◆ **What you need to do**:
All lines in the records below from the line with "Halifax is very" through the line with "In this Keynesian" are to be given again exactly, both ends included; the pictures are to be left out.

◆ **Exercise data**:
__________________________________________________

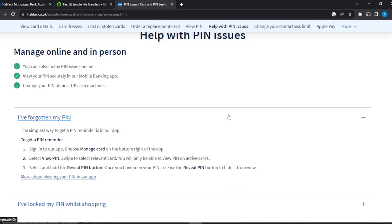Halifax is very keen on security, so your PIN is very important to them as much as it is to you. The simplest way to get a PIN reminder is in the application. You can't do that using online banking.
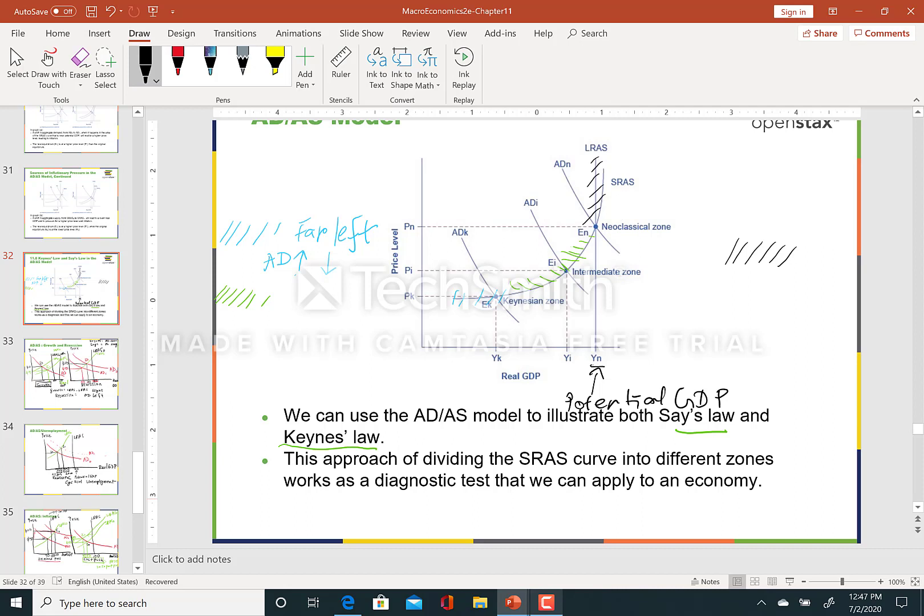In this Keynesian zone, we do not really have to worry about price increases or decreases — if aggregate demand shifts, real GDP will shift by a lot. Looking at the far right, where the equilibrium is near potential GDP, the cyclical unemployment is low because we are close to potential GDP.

__________________________________________________

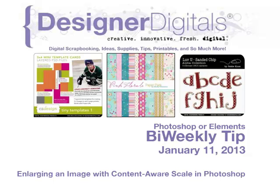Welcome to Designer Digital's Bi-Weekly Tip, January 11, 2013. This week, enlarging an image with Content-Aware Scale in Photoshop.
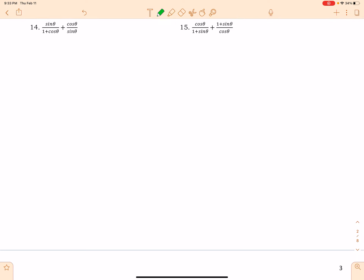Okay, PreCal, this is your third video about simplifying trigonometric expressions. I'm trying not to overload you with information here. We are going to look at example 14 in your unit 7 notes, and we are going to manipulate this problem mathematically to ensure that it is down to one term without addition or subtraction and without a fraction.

__________________________________________________

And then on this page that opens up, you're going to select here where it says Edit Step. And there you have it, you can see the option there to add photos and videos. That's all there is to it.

__________________________________________________

◆ **Problem solution**:
Halifax is very keen on security, so your PIN is very important to them as much as it is to you. The simplest way to get a PIN reminder is in the application. You can't do that using online banking.
In this Keynesian zone, we do not really have to worry about price increases or decreases — if aggregate demand shifts, real GDP will shift by a lot. Looking at the far right, where the equilibrium is near potential GDP, the cyclical unemployment is low because we are close to potential GDP.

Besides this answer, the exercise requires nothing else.